■ Supplied information
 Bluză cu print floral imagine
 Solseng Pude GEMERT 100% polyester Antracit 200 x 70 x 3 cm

...

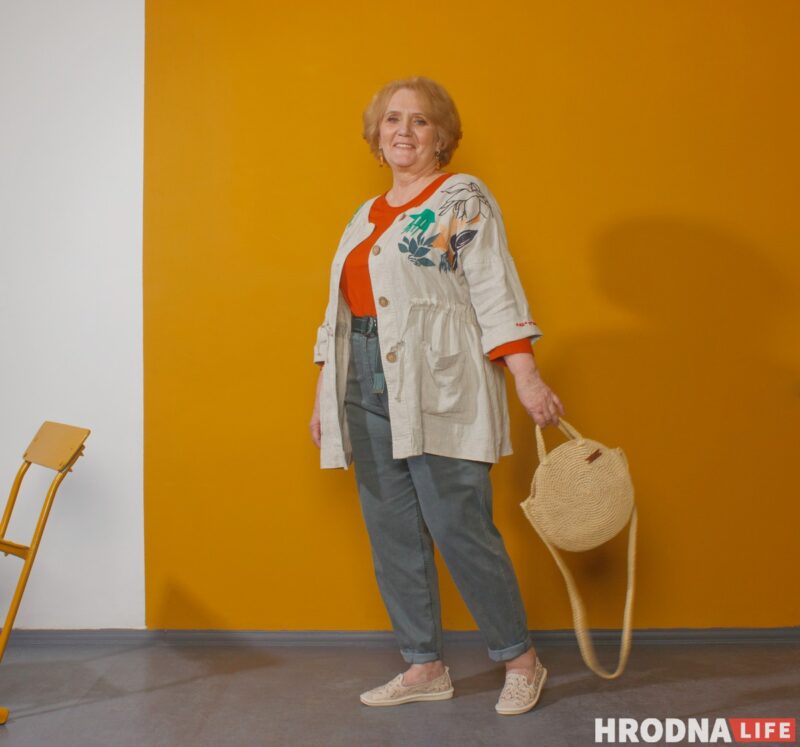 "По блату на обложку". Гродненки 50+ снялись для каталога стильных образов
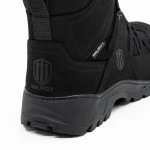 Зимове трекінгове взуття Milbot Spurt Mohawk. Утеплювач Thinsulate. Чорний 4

■ Instructions for the task
An exact copy of the lines above between the line holding "Bluză cu print floral imagine" and the line holding "Solseng Pude GEMERT", inclusive, is the whole answer.

■ Answer to this task
 Bluză cu print floral imagine
 Solseng Pude GEMERT 100% polyester Antracit 200 x 70 x 3 cm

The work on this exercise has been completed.